IL FATTO – Armand, un bambino di sei anni con problemi di aggressività, è accusato di aver molestato sessualmente un coetaneo, Jon, nel bagno della scuola. Viene perciò convocata l’attrice Elisabeth, madre di Armand (il cui padre, Thomas, è morto in un incidente stradale), per un incontro informale con i genitori della presunta vittima, al fine di valutare l’accaduto e concordare dei provvedimenti, con la mediazione di un’insegnante e dei dirigenti dell’istituto. Ma Elisabeth non crede alla colpevolezza del figlio e, complici i legami e contrasti pregressi fra i presenti, la tensione sale rapidamente.
L’OPINIONE – A dispetto del titolo, questo primo lungometraggio del norvegese Halfdan Ullmann Tøndel (vincitore della Caméra d’or a Cannes 2024, poi del Premio FIPRESCI agli EFA e in sala dal 1° gennaio per Movies Inspired) ci parla, più che del piccolo Armand, soprattutto degli adulti. La cui scarnificazione reciproca, dietro il tentativo a tratti maldestro e ipocrita di chiarirsi civilmente e gestire con maturità i conflitti sorti tra i minori, può ricordare, soprattutto nella prima parte, Carnage di Roman Polanski.
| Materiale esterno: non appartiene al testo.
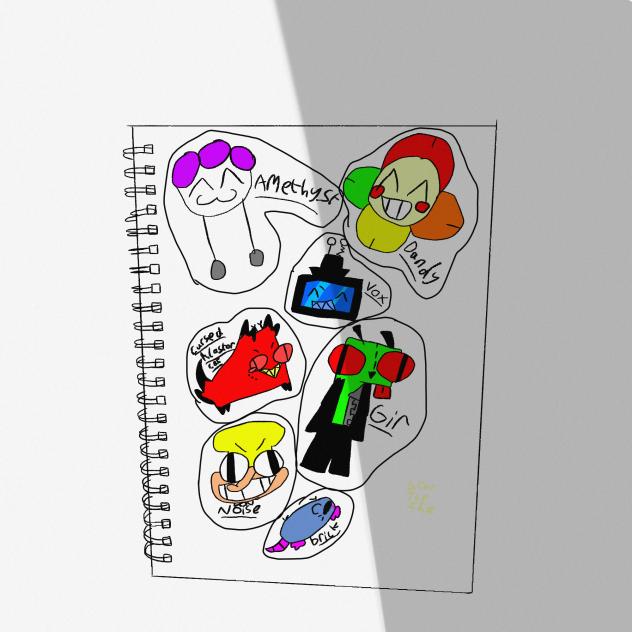 Doodle of my sketchbook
Ma, anziché una commedia satirica sui rapporti di classe, Armand è un dramma, ai confini col thriller psicologico, che anatomizza la famiglia in senso esteso (con l’eccezione della maestra Sunna, tutti i protagonisti si rivelano legati da parentele, frequentazioni di vecchia data o attrazioni semiclandestine). E il luogo-gabbia del gioco al massacro non è un appartamento piccolo-borghese negli USA, ma una scuola scandinava alle soglie dell’estate, deserta di bambini (quasi sempre fuori campo nel film), i cui genitori e docenti vagano confusi tra corridoi, aule e scale a chiocciola in cui risuona la campanella di un allarme guasto.
Simbolismi neanche troppo velati di una messa in scena che, mentre emergono le ombre dei personaggi e di una verità sempre più incerta e inattingibile, sconfina via via nell’allucinazione psicanalitica e nella stilizzazione allegorica, fino a farsi apertamente rappresentazione (meta-)teatrale al confine (non sempre ben distinguibile) fra realtà e trasfigurazione della mente. Non per nulla il regista è nipote di Ingmar Bergman e Liv Ullmann, e in Armand si agita più di qualcosa del loro cinema, fra le inquietudini morali di coscienze in crisi e le grida (anche mute) di donne e uomini che non hanno ancora fatto i conti col loro stesso, disfunzionale infantilismo.
E al di sopra delle tante forme di debolezza in cui scava il film, domina la forza dell’interpretazione (candidata agli EFA) di Renate Reinsve (già vincitrice a Cannes per La persona peggiore del mondo, e vista quest’anno anche in A Different Man e Another End). La sua Elisabeth accentra, assorbe e rimanda indietro le reticenze, le inadeguatezze, le adesioni e le ostilità degli altri che la circondano, trasformandoli nel pubblico della sua pièce-danza sadomasochista, straniante e disturbante (come la lunga risata compulsiva con cui mette a nudo interlocutori e spettatori). Facendosi portatrice, sino alla fine, di un’ambiguità che resta nella pelle.
SE VI È PIACIUTO GUARDATE ANCHE… Il già citato Carnage di Roman Polanski.